■ Goal of the exercise
What you return should be the lines from the one with "ZOOTAXA 1430" through the one with "Solved Find projvu" in the data below, reproduced exactly with both ends, and no pictures at all.

■ Information provided
[Start of section]
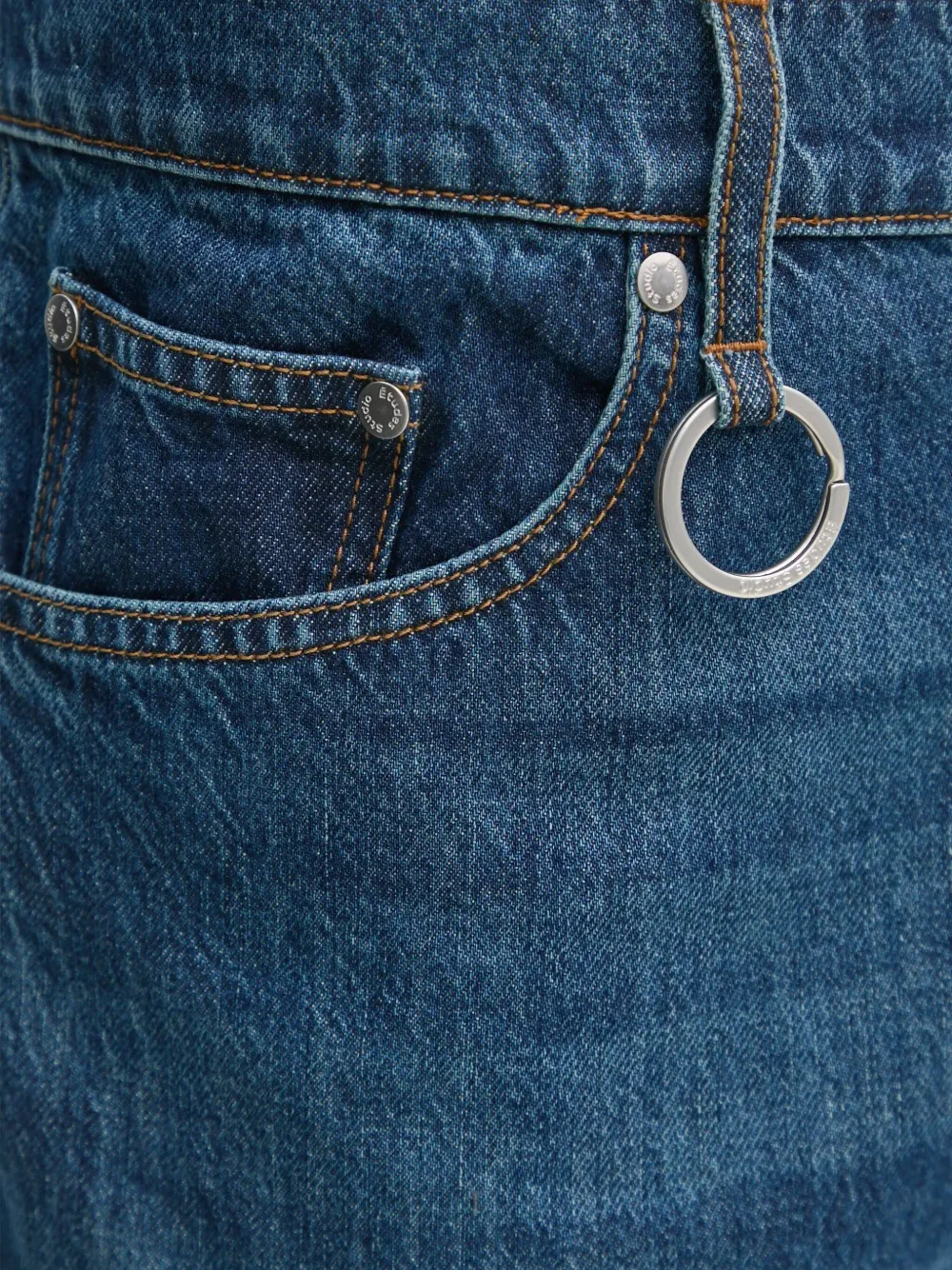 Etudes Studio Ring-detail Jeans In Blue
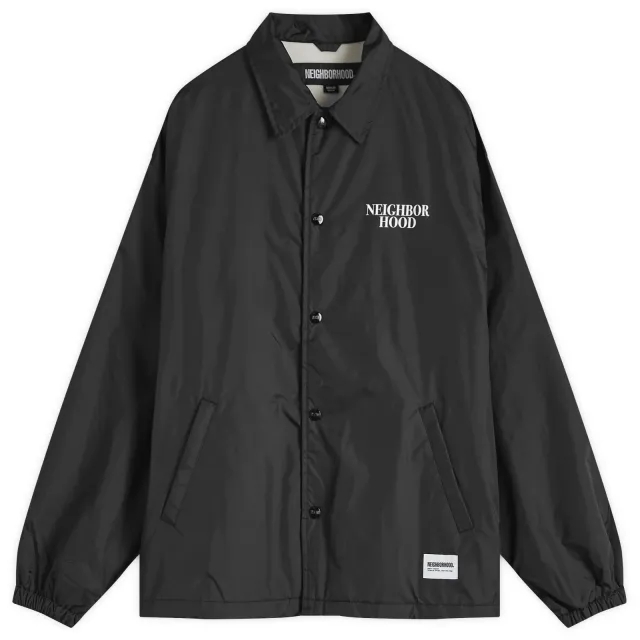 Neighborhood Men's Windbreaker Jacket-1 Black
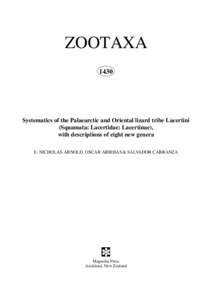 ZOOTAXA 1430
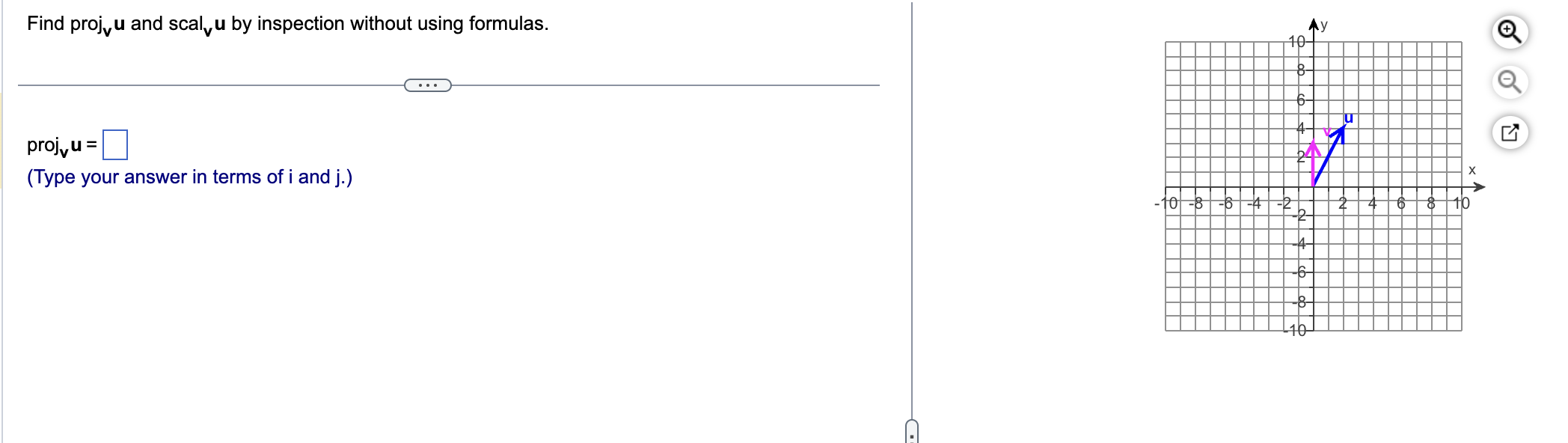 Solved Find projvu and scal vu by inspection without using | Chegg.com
[End of section]
[Start of section]
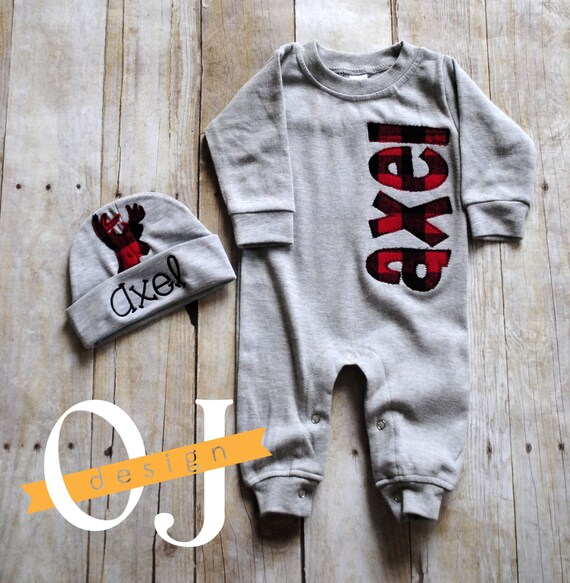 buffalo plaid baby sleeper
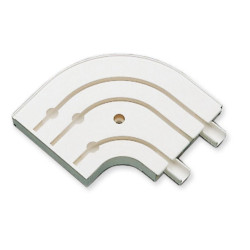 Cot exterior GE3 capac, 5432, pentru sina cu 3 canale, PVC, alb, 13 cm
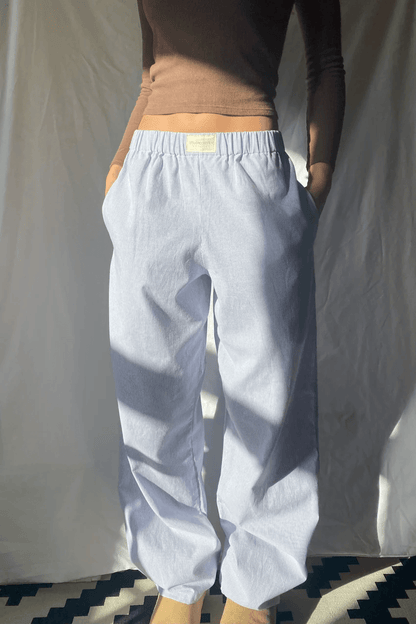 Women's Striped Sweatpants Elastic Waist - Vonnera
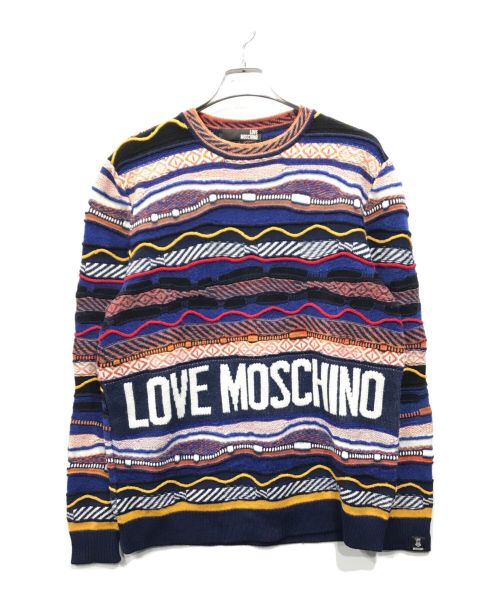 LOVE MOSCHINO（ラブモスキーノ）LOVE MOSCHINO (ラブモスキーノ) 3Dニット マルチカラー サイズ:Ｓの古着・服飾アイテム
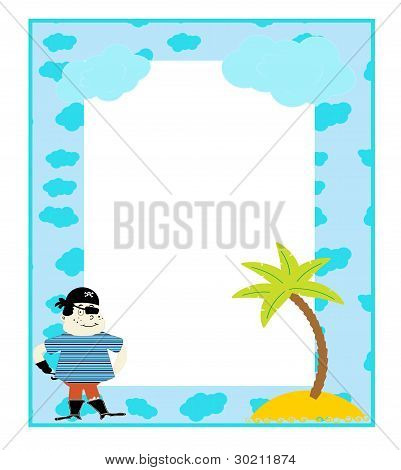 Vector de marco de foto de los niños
[End of section]
■ Answer to this problem
 ZOOTAXA 1430
 Solved Find projvu and scal vu by inspection without using | Chegg.com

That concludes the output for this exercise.